Ich würde wahnsinnig werden, wenn nichts in Bewegung wäre. Ich muss immer raus, mich in neue Situationen begeben. Ich habe auch Freundinnen in meinem Beruf, die das eher als Belastung empfinden, von zu Hause weg zu sein. Mich macht das nicht nervös, im Gegenteil: Da habe ich einfach Freude dran, ich fühle mich dadurch bereichert. Ich habe ein besonderes Leben: aufregend und ereignis- reich. Das Leben ist zu kurz, um sich zu langweilen! Nicht, dass ich etwas gegen Muße hätte, die brauche ich zum Ausgleich und kann sie genießen, aber ich empfinde es als Geschenk, dass es immer etwas Anregendes gibt, wo ich weiter denken, mich ausprobieren kann.
Je reifer man wird, desto eher hört man auf seine innere Stimme. Sagt Ihre: Ich mache nur noch, was ich will?
Eigentlich habe ich immer gemacht, was ich wollte. Zum Glück bekomme ich tolle Aufgaben angeboten. Aber ich bin mir bewusst, dass der Beruf risikobehaftet ist, dass es auch mal aufhören kann mit den Rollen. Ich sehe einfach zu viele Kollegen, die durch so Täler durchmüssen.
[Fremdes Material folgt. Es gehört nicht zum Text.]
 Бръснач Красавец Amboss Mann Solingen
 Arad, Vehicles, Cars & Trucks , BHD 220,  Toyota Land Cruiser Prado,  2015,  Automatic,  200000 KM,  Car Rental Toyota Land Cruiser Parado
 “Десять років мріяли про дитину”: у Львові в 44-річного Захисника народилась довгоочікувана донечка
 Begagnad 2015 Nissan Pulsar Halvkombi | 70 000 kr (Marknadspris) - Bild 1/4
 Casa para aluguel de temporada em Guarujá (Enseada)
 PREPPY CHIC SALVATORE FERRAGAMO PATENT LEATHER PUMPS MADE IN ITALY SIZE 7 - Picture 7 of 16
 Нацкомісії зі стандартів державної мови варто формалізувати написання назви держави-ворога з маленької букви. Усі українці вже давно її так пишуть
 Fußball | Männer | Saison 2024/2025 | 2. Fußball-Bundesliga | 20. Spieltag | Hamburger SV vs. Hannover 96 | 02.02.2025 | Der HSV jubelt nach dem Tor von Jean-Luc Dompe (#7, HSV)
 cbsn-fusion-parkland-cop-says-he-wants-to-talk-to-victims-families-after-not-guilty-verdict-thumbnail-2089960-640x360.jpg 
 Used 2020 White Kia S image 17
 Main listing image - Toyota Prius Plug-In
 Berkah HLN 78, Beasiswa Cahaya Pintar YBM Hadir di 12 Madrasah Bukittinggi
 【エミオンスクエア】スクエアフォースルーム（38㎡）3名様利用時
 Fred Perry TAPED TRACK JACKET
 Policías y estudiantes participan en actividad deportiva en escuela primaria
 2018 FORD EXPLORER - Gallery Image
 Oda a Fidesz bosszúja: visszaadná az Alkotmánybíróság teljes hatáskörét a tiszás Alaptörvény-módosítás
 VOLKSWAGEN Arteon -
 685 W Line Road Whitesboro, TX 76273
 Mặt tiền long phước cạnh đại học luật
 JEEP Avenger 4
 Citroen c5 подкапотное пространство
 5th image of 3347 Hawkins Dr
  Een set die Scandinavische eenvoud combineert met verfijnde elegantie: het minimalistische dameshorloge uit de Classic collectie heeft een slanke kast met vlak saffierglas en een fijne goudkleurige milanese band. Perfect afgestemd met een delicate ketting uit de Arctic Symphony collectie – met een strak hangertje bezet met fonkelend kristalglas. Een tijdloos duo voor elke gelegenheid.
Was würden Sie tun, wenn der Erfolg mal ausbleiben sollte?
Dieser Gedanke macht mir keine Angst. Es wäre bestimmt erst mal schwierig, aber ich denke, dann würde ich mich auf zu neuen Ufern machen. Ich bin handwerklich nicht unbegabt, habe als Jugendliche geschreinert. Holz fasziniert mich als Arbeitsmaterial, das Entwerfen der Möbel ist eine hohe Kunst. Das würde mich reizen. Also, da habe ich keine Sorge: Mir würde bestimmt etwas einfallen.
Nina Hoss wurde 1975 in Stuttgart geboren. Sie studierte an der Hochschule für Schauspiel „Ernst Busch“ in Berlin und hatte 1996 ihren Durchbruch im Fernsehfilm „Das Mädchen Rosemarie“. Neben ihren Arbeiten mit Christian Petzold (z. B. „Barbara“, „Yella“) drehte sie u. a. „Nackt“ mit Doris Dörrie, „Die weiße Massai“ mit Hermine Huntgeburth und „Return to Montauk“ mit Volker Schlöndorff. Durch „A Most Wanted Man“ und die US-Serie „Homeland“ wurde sie auch international bekannt. „Das Vorspiel“ läuft aktuell im Kino, am 23.4. startet der Film „Pelikanblut“.